Or, à moins de voir la main de Dieu descendre des cieux pour le bénir tendrement sur la scène, au lieu d’assister à une épiphanie sincère, les Américains et le monde auront plutôt droit à une opération de relooking politique aussi huilée que factice.

Alors que son adversaire démocrate, le président Biden, est réduit à un objet de curiosité dont les médias scrutent le moindre lapsus ou regard fixe, pourquoi Trump se priverait-il de l’achever politiquement dans l’isoloir en jouant en plus au miraculé de la bonne entente?

Cela ne veut pas dire que le sujet de la violence en politique n’est pas majeur. Il l’est. La violence – verbale, sociale, armée, économique ou raciste – fait partie de l’ADN des États-Unis depuis leur genèse.

Aucun autre pays ne peut prétendre non plus être épargné de son volet politique. Que l’attentat en 2012 au Métropolis contre la nouvelle première ministre Pauline Marois rafraîchisse les mémoires fatiguées.

Comment croire?

Quant au soi-disant Trump nouveau parce que sauvé des griffes de la mort, comment croire qu’au-delà de discours réécrits à des fins purement stratégiques, cet admirateur de Vladimir Poutine se métamorphoserait en Nelson Mandela pour cause d’attentat raté?

Comment croire aussi qu’il en serait de même pour sa propre base, entraînée par lui depuis des années à haïr les démocrates et tout ce qui bouge à «gauche» de son chef? Une base d’autant plus soudée dorénavant par le désir de venger l’attentat raté du 13 juillet.

En novembre 2020, moment de la victoire de Biden contre Trump, j’écrivais qu’on ne saurait sous-estimer les effets toxiques du trumpisme. En quatre ans seulement, l’exercice même de la démocratie en était sorti gravement miné.

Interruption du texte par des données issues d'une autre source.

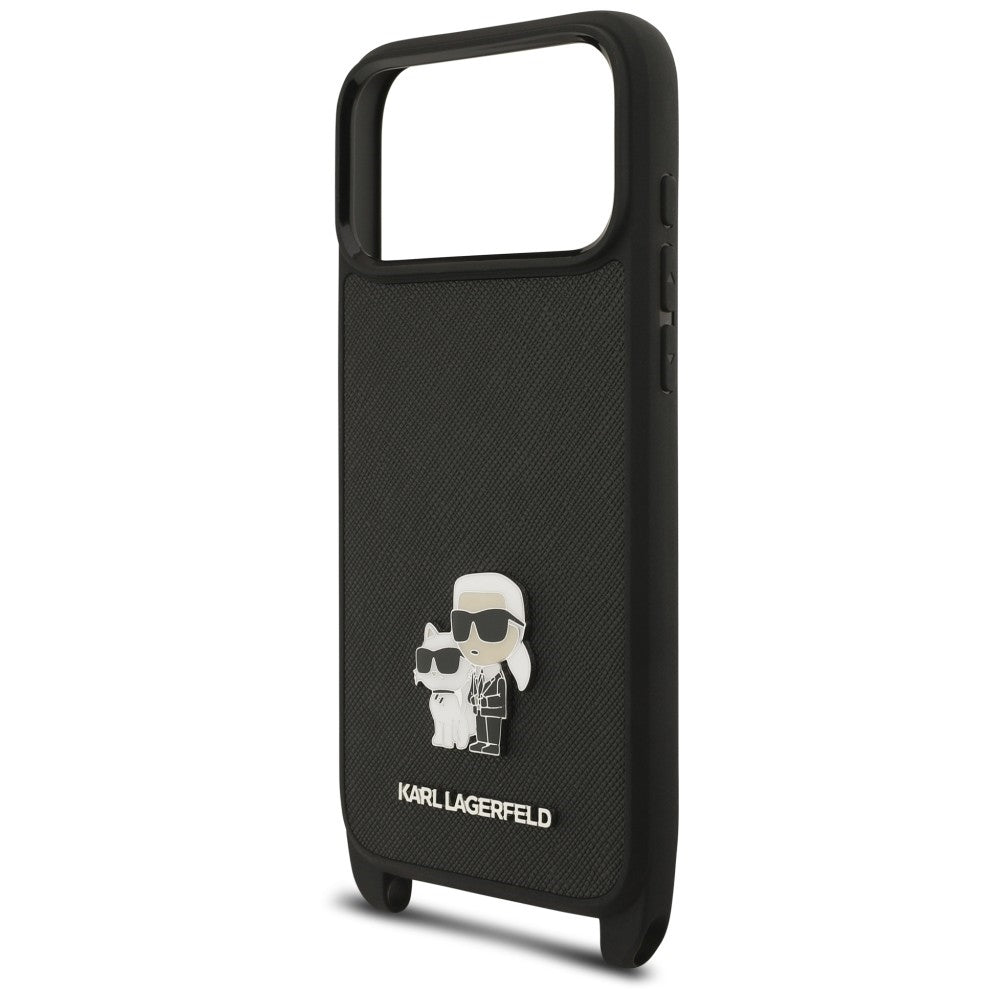 Husa de protectie Karl Lagerfeld Saffiano compatibil cu iPhone 18 Pro / iPhone 17 Pro, Negru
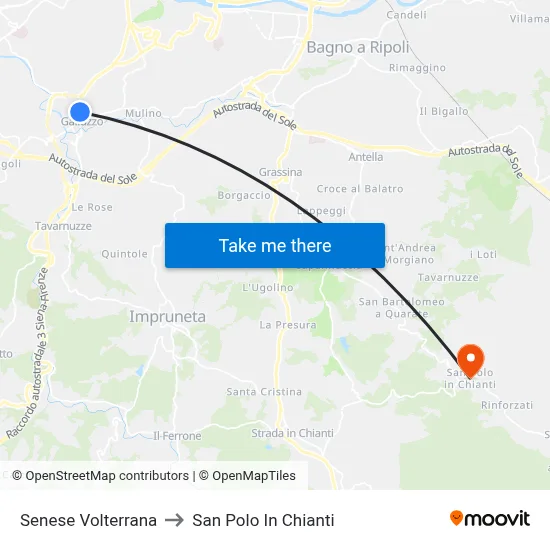 Senese Volterrana to San Polo In Chianti map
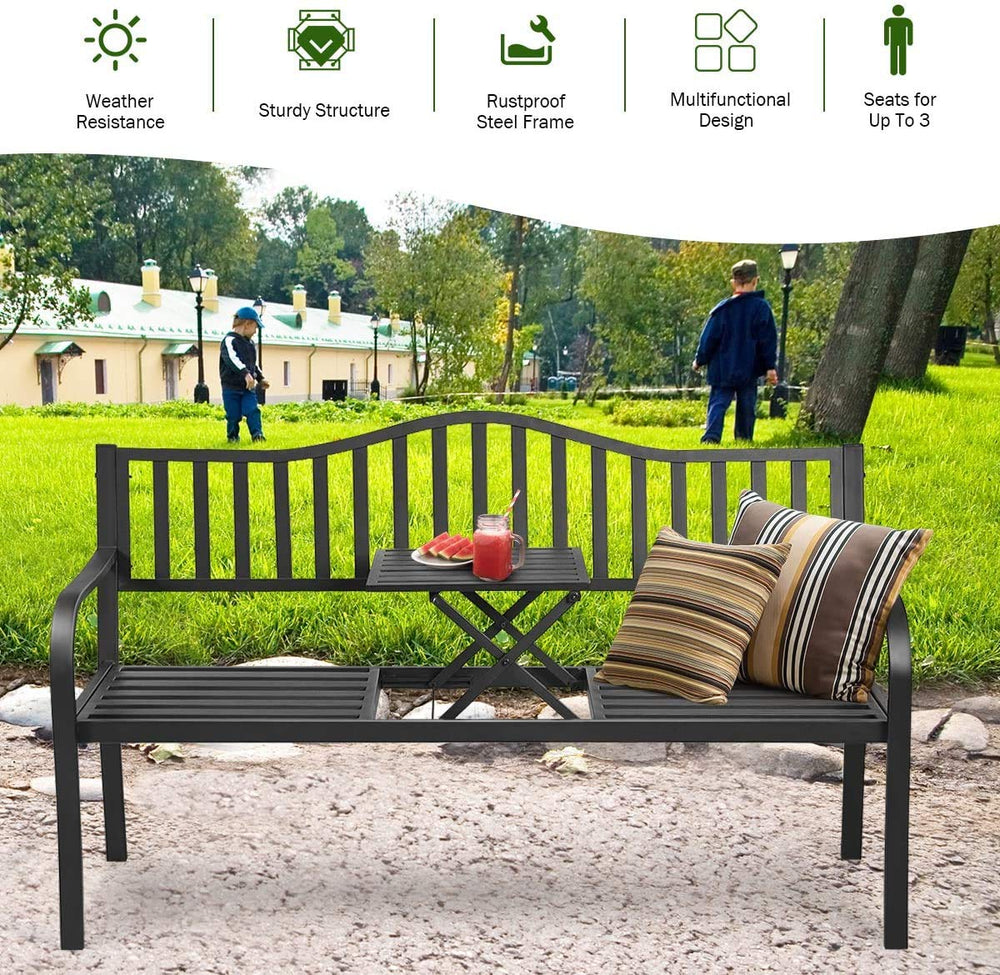 GIANTEX bench placed in garden setting conveying style and outdoor comfort benefit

Sa recette, j’ajoutais, étant de propager au sein de sa base le rejet des institutions dès qu’elles n’obéissent pas aux diktats de Trump. Face à celles-ci, il l’a fait basculer de la confiance à la méfiance, puis à la défiance et au stade terminal d’une déviance sociétale parfois même violente.

Deux mois plus tard, des centaines d’émeutiers pro-Trump prenaient en effet d’assaut le Capitole dans le but délirant de renverser les résultats d’une élection jugée truquée par leur chef. Résultat: cinq morts.

Alors, jusqu’à preuve irréfutable du contraire, comment croire que même une tentative d’assassinat ferait passer Donald Trump de politicien pyromane à rédempteur béni de l’unité et de la réconciliation?

Les discours, ça s’invente. Mais le réel, lui, ne ment pas.